You may smell the voodoo lily before you see it – and not in a good way!  This unique flowering perennial can be grown in our area almost carefree.  From highly exotic flowers that perhaps only a mother could love, to four-foot tall mottled, palm-tree-like leaf stalk, the voodoo lily is a true collectors’ plant and a conversation piece.  Why is this plant such an oddity?

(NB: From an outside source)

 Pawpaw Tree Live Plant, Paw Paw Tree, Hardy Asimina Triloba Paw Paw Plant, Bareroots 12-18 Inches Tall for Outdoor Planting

The first time I saw a sizable collection of voodoo lilies or Amorphophallus was at the Kanapaha Botanical Gardens in Gainesville.  They were in the umbrella-like foliage stage without flowers, but I was impressed with the otherworldly nature of foliage.  I also grew one species – A. konjac – from a tuber.  But I know of a gardener with a sizable collection that came with her property’s landscape as an extra bonus.  The prominent species in this landscape is A. paeonifolius.  This type of voodoo lily starts in the spring with the emergence of a dinnerplate-sized almost cabbage-like maroon flower composed of a broad spathe topped with a wrinkled spadix.  It is one of the oddest flowers you will ever see!  This unusual apparition can only be topped by its odor which is known to attract flies – its pollinating partner.  The stink occurs at sunrise or sunset for just a brief period of time.  This ogre of a flower is followed by a single stalk of foliage which looks like a short, palm-like umbrella with an attractive gray and greenish mottled stem giving this plant its other common name, “snake palm.”  This stem will only last through fall, and then fades away, as the plant goes dormant.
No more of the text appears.